Nous descendons à pied vers un village divisé en trois plateaux superposés à flanc de falaise mais, cette fois, le vertige l’emporte sur ma zénitude. La médecine désigne par le terme scientifique d’acrophobie (crainte des sommets) cette impression de désorientation qui s’empare de moi dans les hauteurs, en particulier lorsqu’il n’y a qu’une petite protection contre l’appel du vide. C’est difficile à expliquer à quelqu’un qui n’en souffre pas et, pour illustrer ce mal qui m’afflige, j’ai toujours référé mes interlocuteurs au superbe film Vertigo (en français, Sueurs froides) réalisé en 1958 par Alfred Hitchcock d’après le roman D’entre les morts du tandem Boileau-Narcejac. Dans les scènes où son héros John Scottie Ferguson (incarné par James Stewart) est en proie à son malaise, le cinéaste exploite la caméra subjective avec une redoutable efficacité, en opérant simultanément deux mouvements contraires : un travelling arrière doublé d’un zoom avant. Utilisé pour la première fois au cinéma dans ce thriller, l’un des meilleurs d’Hitchcock, cet artifice technique appelé travelling compensé déforme l’image, donnant l’impression qu’une cage d’escalier s’allonge.

C’est exactement ce qui se passe lors d’une crise de vertige.

On me dira que j’ai bien mal choisi le pays où partir en mission hors des centres urbains et des sentiers battus. Je répondrai candidement que jusqu’ici, ça allait : malgré les virages serrés sur des chemins cahoteux aux courbes soudaines, aux inclinaisons d’une raideur proprement vertigineuse, je m’étais fait une raison, investissant toute ma confiance dans nos véhicules à quatre roues motrices conçus pour ces types d’environnements et, surtout, dans les chauffeurs employés par le CECI, des professionnels aux nerfs d’acier. À pied, c’est… comment dire? À pied, c’est une toute autre paire de manches, si on veut bien me pardonner cette formulation un brin brinquebalante… 😉

Je choisis donc de rebrousser chemin. Par la force des choses.

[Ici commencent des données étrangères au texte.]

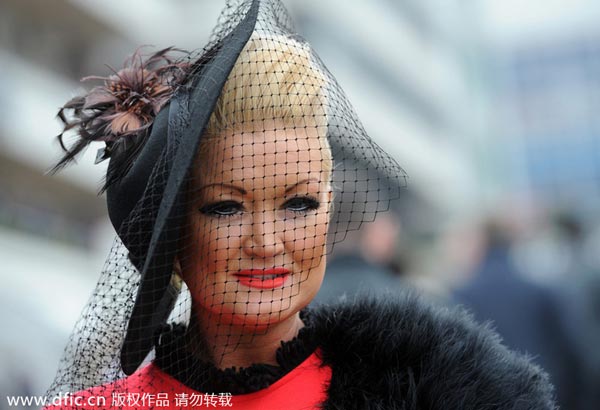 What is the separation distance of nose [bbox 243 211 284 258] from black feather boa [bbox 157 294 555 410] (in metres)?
0.34

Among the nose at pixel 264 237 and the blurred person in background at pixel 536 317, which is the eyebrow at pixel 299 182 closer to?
the nose at pixel 264 237

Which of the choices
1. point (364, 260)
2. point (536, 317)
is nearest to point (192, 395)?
point (364, 260)

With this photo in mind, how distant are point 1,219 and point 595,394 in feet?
36.4

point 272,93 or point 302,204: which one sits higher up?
point 272,93

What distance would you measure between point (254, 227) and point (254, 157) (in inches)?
7.1

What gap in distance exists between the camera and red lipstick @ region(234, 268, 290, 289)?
2.38 m

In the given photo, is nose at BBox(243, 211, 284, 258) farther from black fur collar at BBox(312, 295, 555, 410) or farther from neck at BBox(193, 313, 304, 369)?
black fur collar at BBox(312, 295, 555, 410)

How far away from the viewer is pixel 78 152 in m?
2.74

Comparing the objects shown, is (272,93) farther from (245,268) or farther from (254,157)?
(245,268)

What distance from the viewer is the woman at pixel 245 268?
7.79 ft

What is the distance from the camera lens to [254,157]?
2.38 m

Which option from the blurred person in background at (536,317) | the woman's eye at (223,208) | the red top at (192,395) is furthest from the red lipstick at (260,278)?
the blurred person in background at (536,317)

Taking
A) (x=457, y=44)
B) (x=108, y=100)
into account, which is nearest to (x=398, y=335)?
(x=108, y=100)

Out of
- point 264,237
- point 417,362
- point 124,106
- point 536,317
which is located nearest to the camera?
point 264,237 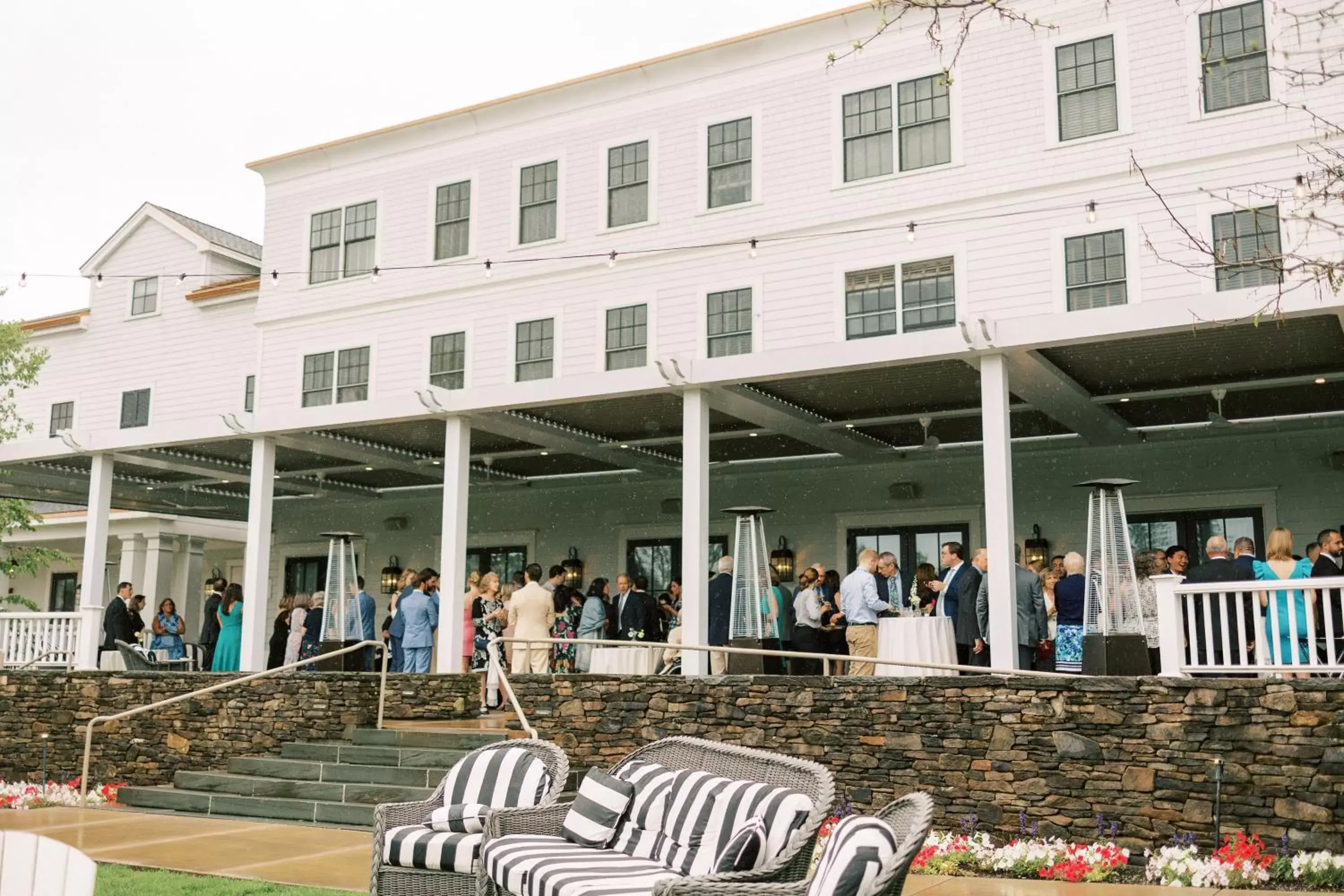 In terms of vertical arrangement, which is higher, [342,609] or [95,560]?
[95,560]

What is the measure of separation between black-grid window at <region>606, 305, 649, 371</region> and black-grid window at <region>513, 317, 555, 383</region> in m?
0.94

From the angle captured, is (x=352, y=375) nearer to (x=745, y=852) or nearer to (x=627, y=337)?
(x=627, y=337)

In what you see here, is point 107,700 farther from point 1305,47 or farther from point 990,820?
point 1305,47

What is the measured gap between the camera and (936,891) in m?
7.54

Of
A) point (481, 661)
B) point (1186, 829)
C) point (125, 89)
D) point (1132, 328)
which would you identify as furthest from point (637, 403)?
point (125, 89)

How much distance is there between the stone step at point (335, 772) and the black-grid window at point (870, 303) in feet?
26.6

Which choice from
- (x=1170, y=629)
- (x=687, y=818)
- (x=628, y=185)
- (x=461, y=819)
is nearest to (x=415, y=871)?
(x=461, y=819)

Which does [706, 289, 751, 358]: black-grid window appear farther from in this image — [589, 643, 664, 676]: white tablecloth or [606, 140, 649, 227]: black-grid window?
[589, 643, 664, 676]: white tablecloth

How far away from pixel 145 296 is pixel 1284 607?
69.6ft

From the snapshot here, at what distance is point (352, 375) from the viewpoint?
20.0 meters

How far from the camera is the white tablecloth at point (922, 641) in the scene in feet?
35.0

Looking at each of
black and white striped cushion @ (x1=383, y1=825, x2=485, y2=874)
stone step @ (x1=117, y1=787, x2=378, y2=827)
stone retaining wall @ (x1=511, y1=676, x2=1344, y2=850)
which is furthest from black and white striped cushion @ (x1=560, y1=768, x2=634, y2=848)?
stone step @ (x1=117, y1=787, x2=378, y2=827)

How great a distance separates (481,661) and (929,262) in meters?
7.68

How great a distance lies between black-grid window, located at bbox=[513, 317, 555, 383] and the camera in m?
18.4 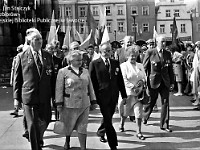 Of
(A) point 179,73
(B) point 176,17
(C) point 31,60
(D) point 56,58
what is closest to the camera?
(C) point 31,60

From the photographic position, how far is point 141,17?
44969 mm

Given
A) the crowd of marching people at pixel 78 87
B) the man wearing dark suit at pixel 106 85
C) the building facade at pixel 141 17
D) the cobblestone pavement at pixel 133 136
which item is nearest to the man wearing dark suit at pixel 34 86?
the crowd of marching people at pixel 78 87

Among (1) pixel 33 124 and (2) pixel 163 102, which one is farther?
(2) pixel 163 102

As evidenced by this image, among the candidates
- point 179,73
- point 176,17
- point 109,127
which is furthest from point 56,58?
point 176,17

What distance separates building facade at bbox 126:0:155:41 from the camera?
43.5m

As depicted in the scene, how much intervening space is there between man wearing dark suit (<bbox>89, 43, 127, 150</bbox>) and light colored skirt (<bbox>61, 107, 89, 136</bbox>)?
1.26 feet

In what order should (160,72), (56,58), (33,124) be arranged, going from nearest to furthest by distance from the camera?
(33,124) → (160,72) → (56,58)

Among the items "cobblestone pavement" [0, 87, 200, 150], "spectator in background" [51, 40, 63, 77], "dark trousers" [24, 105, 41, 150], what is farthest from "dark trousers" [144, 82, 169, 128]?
"dark trousers" [24, 105, 41, 150]

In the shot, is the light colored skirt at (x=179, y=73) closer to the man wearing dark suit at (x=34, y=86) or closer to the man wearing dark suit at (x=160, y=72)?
the man wearing dark suit at (x=160, y=72)

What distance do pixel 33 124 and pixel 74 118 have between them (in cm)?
79

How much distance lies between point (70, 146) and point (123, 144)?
36.7 inches

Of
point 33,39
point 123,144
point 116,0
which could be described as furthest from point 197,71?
point 116,0

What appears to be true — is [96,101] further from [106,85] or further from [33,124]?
[33,124]

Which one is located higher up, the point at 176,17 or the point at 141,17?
the point at 141,17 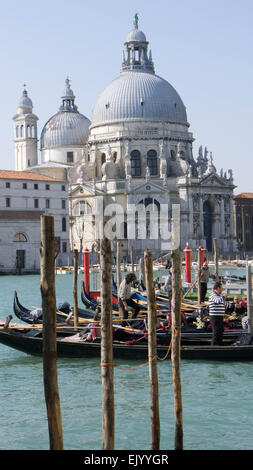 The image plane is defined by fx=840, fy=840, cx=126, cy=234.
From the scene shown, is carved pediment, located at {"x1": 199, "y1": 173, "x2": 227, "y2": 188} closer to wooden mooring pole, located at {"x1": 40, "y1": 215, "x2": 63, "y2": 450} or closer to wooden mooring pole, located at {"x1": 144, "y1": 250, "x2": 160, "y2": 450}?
wooden mooring pole, located at {"x1": 144, "y1": 250, "x2": 160, "y2": 450}

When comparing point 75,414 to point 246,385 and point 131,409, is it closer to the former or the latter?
point 131,409

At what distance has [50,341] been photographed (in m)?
7.67

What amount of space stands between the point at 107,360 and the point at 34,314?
8.21 m

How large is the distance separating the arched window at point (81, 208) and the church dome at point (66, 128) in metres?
8.92

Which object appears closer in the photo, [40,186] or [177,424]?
[177,424]

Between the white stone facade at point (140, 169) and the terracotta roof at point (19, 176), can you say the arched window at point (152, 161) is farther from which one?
the terracotta roof at point (19, 176)

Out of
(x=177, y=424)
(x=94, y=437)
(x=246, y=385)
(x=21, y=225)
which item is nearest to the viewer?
(x=177, y=424)

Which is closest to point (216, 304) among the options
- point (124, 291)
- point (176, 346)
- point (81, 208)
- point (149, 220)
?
point (124, 291)

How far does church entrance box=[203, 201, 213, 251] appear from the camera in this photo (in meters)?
68.7

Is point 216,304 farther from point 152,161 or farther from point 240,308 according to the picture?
point 152,161

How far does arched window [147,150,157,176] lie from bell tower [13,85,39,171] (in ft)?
35.2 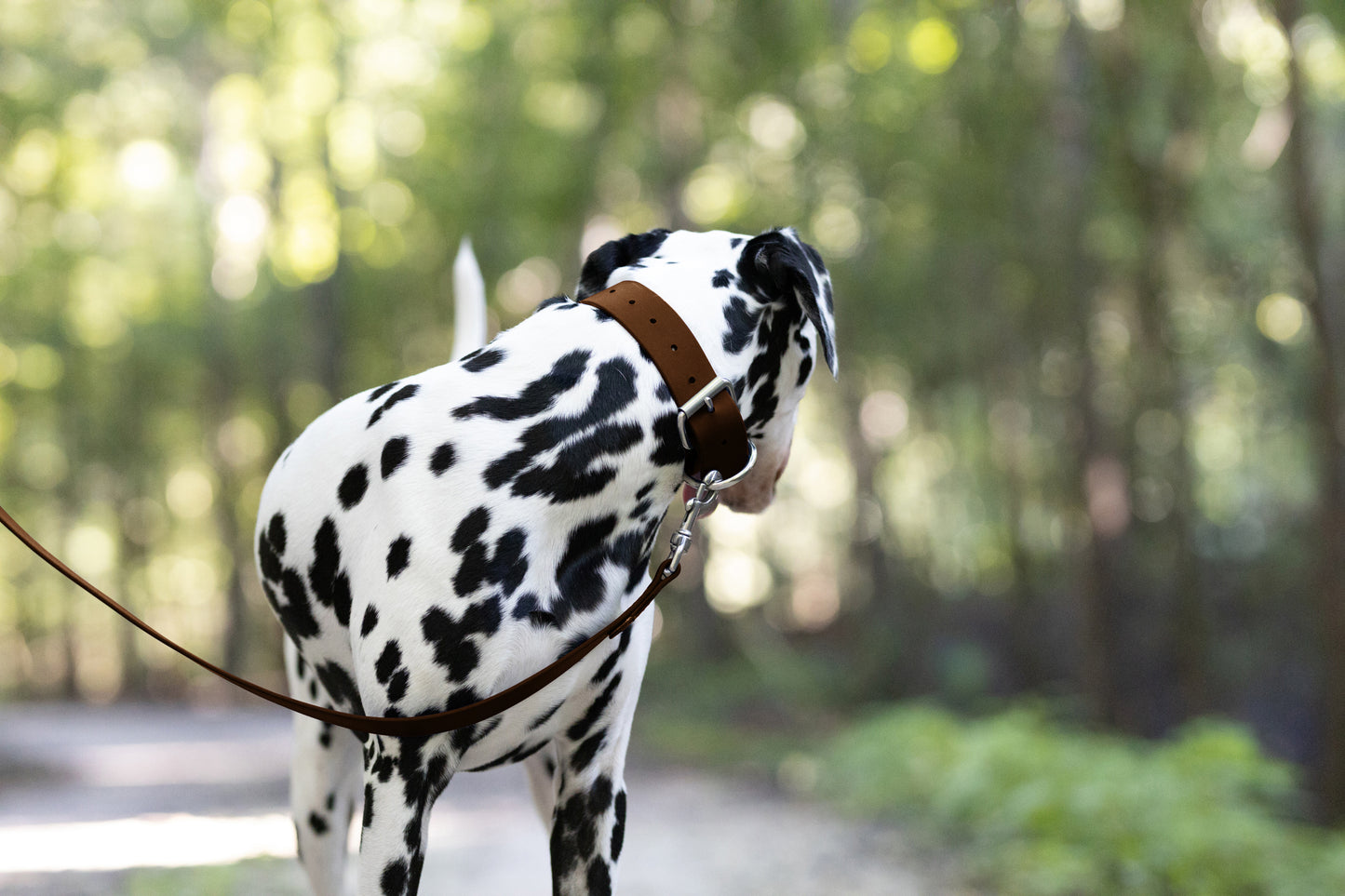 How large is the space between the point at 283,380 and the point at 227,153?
4.51m

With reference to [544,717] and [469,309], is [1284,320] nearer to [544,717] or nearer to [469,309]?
[469,309]

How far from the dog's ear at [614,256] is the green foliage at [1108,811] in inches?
186

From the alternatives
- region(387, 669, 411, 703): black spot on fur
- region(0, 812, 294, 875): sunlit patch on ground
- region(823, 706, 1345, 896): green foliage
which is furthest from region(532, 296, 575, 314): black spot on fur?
region(0, 812, 294, 875): sunlit patch on ground

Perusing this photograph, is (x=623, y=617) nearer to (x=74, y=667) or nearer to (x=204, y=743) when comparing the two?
(x=204, y=743)

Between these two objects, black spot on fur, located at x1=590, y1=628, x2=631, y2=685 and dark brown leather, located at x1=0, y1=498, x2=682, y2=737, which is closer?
dark brown leather, located at x1=0, y1=498, x2=682, y2=737

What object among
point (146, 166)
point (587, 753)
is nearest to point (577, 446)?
point (587, 753)

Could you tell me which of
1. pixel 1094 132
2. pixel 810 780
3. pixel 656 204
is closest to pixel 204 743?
pixel 810 780

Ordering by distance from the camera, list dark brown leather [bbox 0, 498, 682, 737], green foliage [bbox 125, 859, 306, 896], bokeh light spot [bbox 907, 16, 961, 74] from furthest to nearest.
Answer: bokeh light spot [bbox 907, 16, 961, 74]
green foliage [bbox 125, 859, 306, 896]
dark brown leather [bbox 0, 498, 682, 737]

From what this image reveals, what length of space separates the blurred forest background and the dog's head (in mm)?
6327

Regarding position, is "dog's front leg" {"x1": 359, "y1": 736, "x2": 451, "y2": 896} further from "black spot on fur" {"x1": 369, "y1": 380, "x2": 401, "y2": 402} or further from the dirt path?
the dirt path

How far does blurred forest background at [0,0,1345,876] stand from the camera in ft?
31.6

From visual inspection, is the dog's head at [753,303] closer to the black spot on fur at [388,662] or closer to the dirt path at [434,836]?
the black spot on fur at [388,662]

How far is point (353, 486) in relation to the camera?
2170 mm

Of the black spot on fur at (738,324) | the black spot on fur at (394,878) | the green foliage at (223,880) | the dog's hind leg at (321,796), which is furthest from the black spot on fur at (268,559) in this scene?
the green foliage at (223,880)
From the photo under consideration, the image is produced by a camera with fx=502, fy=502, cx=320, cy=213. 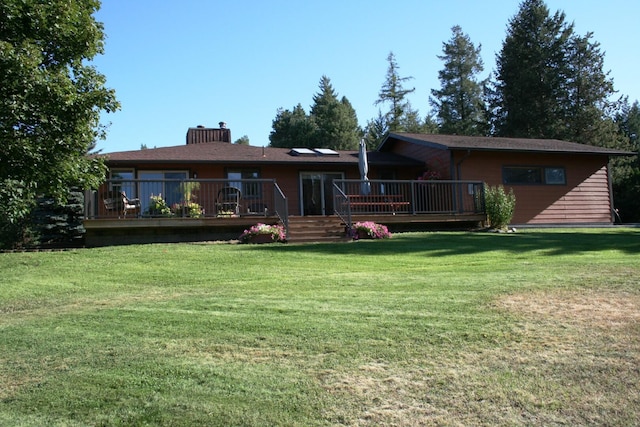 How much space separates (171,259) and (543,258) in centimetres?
663

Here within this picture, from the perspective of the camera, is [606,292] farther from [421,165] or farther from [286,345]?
[421,165]

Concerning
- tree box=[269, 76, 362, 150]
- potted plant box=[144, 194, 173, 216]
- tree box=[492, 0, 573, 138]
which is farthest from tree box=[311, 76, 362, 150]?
potted plant box=[144, 194, 173, 216]

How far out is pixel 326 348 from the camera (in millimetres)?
3945

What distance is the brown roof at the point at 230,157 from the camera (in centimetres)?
1538

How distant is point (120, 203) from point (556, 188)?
14868 millimetres

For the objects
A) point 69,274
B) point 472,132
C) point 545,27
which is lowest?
point 69,274

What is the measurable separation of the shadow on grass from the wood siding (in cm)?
499

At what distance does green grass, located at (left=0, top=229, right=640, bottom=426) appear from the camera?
9.95ft

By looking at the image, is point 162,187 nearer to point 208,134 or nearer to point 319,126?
point 208,134

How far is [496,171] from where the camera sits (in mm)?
17578

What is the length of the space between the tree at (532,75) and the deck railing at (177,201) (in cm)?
2631

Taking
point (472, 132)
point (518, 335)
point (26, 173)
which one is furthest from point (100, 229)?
point (472, 132)

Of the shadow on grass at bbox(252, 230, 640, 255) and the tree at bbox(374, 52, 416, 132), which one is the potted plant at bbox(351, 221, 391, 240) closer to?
the shadow on grass at bbox(252, 230, 640, 255)

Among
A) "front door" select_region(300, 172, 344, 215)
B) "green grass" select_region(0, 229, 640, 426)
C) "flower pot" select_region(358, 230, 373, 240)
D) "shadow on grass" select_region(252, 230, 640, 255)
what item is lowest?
"green grass" select_region(0, 229, 640, 426)
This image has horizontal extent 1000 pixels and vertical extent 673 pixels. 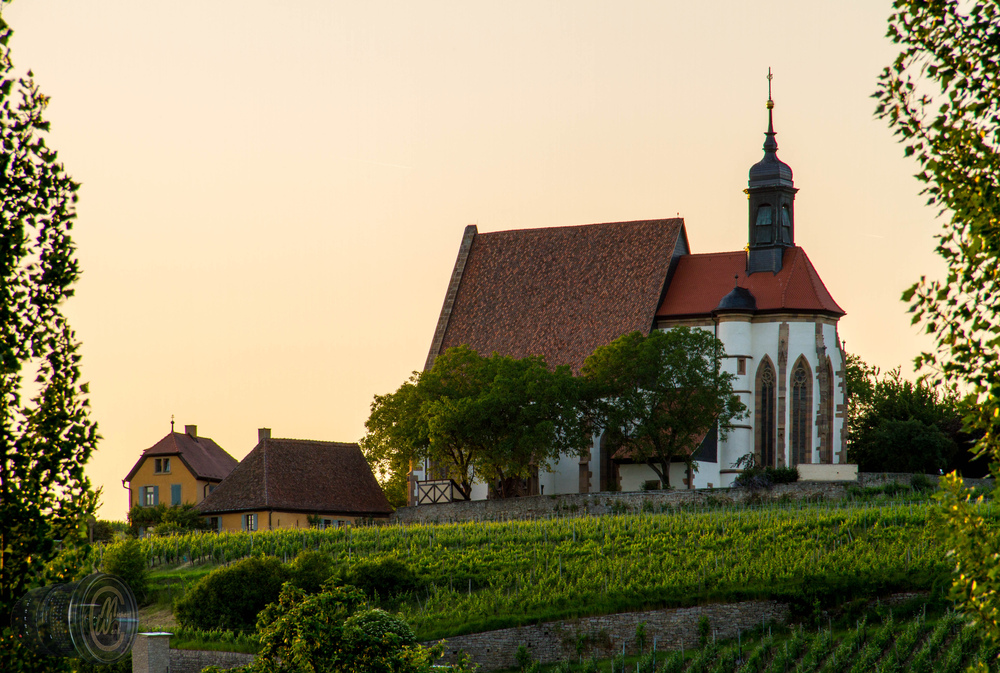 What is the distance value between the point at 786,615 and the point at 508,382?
69.8 ft

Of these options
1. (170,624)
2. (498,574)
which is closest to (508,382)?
(498,574)

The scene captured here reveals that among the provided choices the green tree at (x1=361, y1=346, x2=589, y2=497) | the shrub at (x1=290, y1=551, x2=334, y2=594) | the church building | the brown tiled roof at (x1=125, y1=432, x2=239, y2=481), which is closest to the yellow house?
the brown tiled roof at (x1=125, y1=432, x2=239, y2=481)

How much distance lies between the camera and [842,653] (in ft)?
123

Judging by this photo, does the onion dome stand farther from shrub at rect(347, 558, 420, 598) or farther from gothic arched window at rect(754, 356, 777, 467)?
shrub at rect(347, 558, 420, 598)

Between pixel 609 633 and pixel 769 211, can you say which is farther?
pixel 769 211

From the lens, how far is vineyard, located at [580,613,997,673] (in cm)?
3569

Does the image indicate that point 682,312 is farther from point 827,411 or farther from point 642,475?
point 642,475

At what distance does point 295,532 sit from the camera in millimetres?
57688

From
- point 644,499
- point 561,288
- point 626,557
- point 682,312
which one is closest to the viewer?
point 626,557

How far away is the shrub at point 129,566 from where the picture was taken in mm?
49812

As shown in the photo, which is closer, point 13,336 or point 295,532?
point 13,336

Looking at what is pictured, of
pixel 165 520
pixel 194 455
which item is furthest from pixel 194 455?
pixel 165 520

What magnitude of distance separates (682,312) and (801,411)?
6.74 metres

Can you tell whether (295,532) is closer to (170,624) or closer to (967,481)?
(170,624) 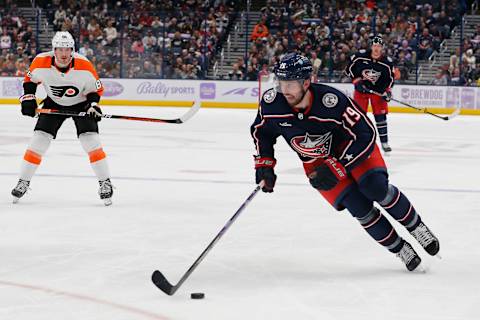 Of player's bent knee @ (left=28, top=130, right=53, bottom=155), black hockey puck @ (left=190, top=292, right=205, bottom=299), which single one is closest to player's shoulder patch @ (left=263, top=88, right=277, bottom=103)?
black hockey puck @ (left=190, top=292, right=205, bottom=299)

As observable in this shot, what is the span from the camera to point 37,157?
618 cm

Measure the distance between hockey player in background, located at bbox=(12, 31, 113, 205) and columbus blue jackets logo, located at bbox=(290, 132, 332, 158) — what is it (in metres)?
2.33

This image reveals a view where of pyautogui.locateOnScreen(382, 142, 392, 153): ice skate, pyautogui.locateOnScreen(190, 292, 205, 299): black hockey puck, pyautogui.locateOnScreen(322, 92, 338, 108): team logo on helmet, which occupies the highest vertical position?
pyautogui.locateOnScreen(322, 92, 338, 108): team logo on helmet

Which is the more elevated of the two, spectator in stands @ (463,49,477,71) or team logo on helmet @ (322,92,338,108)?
team logo on helmet @ (322,92,338,108)

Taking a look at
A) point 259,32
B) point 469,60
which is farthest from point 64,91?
point 259,32

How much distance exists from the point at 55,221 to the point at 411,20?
43.1 feet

— Continue sur la route, me lance France-Isabelle. Les véhicules ne peuvent pas faire demi-tour. Mais on va téléphoner à l’un des chauffeurs pour lui dire de t’attendre.

Revenu sur un sol plus ou moins plat, ça va déjà mieux. La nauséeuse impression de déséquilibre permanent m’a quitté, je reprends mon souffle. Je marche sans hâte sur la route à voix unique, peu inquiet d’y croiser une voiture en sens inverse. À ce que j’ai cru comprendre, les déplacements dans ces hauteurs se font selon des horaires rigoureusement régis et fort heureusement d’ailleurs, sinon bonjour les face-à-face désastreux!

Vertige mis à part, le paysage est époustouflant! Au Népal, il suffit parfois de quelques minutes sur la route pour changer de décor radicalement, la plupart du temps en s’élevant dans les montagnes. Dire qu’il y a une heure à peine, nous nous entassions dans la salle de réunion de l’Union coopérative des producteurs laitiers du district de Lalitpur (LDMPCU), à Chapagaun, pour une présentation Power Point des activités du regroupement soutenues par le CECI, via son programme Uniterra. Ici, plus la moindre trace d’urbanité; si on fait exception de la route, à peine la main de l’homme a-t-elle modifié l’agencement naturel des choses.

Le chauffeur, visiblement amusé par mes déboires, m’attend comme promis un peu plus bas sur la route. Je reprends ma place à sa gauche sur la banquette avant et nous roulons vers le lieu de rendez-vous, le village de Bhainse. Les Népalais n’ont manifestement pas la même notion du temps que les Occidentaux, nous nous en doutions et nous en avons désormais confirmation. Krishna Lama, le président de l’Union coopérative qui mène notre expédition a promis à mes compagnes et compagnons qu’ils n’en avaient que pour une demi-heure de marche sur un sentier étroit à flanc de falaise, mais il leur faut mettre plus d’une heure avant de me rejoindre.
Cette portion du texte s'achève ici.